Beneath this task are records; print exactly the stretch of them from the line with "Virta 72 Inch" through the line with "Tall Kitchen Hutch", both ends included.

• MATERIAL SHOWN:
++++

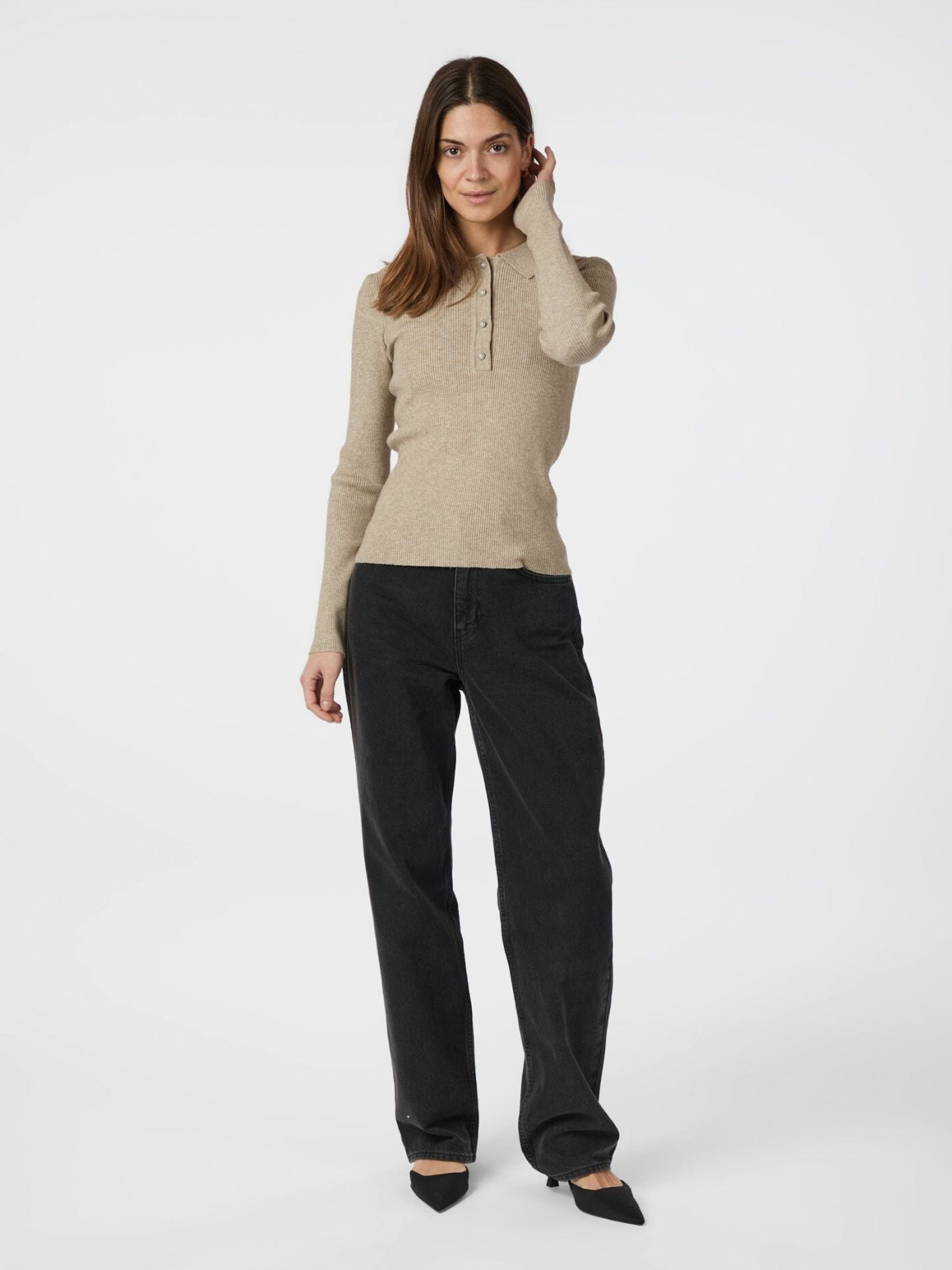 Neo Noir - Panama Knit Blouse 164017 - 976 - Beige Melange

++++

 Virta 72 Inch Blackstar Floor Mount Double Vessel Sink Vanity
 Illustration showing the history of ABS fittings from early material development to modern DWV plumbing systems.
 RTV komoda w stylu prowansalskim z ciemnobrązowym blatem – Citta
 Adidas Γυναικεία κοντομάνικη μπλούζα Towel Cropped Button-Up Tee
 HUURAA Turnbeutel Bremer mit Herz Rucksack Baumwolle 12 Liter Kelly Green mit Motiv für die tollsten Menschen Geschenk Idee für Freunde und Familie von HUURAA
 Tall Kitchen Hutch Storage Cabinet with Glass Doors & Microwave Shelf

++++

• EXERCISE RESPONSE:
 Virta 72 Inch Blackstar Floor Mount Double Vessel Sink Vanity
 Illustration showing the history of ABS fittings from early material development to modern DWV plumbing systems.
 RTV komoda w stylu prowansalskim z ciemnobrązowym blatem – Citta
 Adidas Γυναικεία κοντομάνικη μπλούζα Towel Cropped Button-Up Tee
 HUURAA Turnbeutel Bremer mit Herz Rucksack Baumwolle 12 Liter Kelly Green mit Motiv für die tollsten Menschen Geschenk Idee für Freunde und Familie von HUURAA
 Tall Kitchen Hutch Storage Cabinet with Glass Doors & Microwave Shelf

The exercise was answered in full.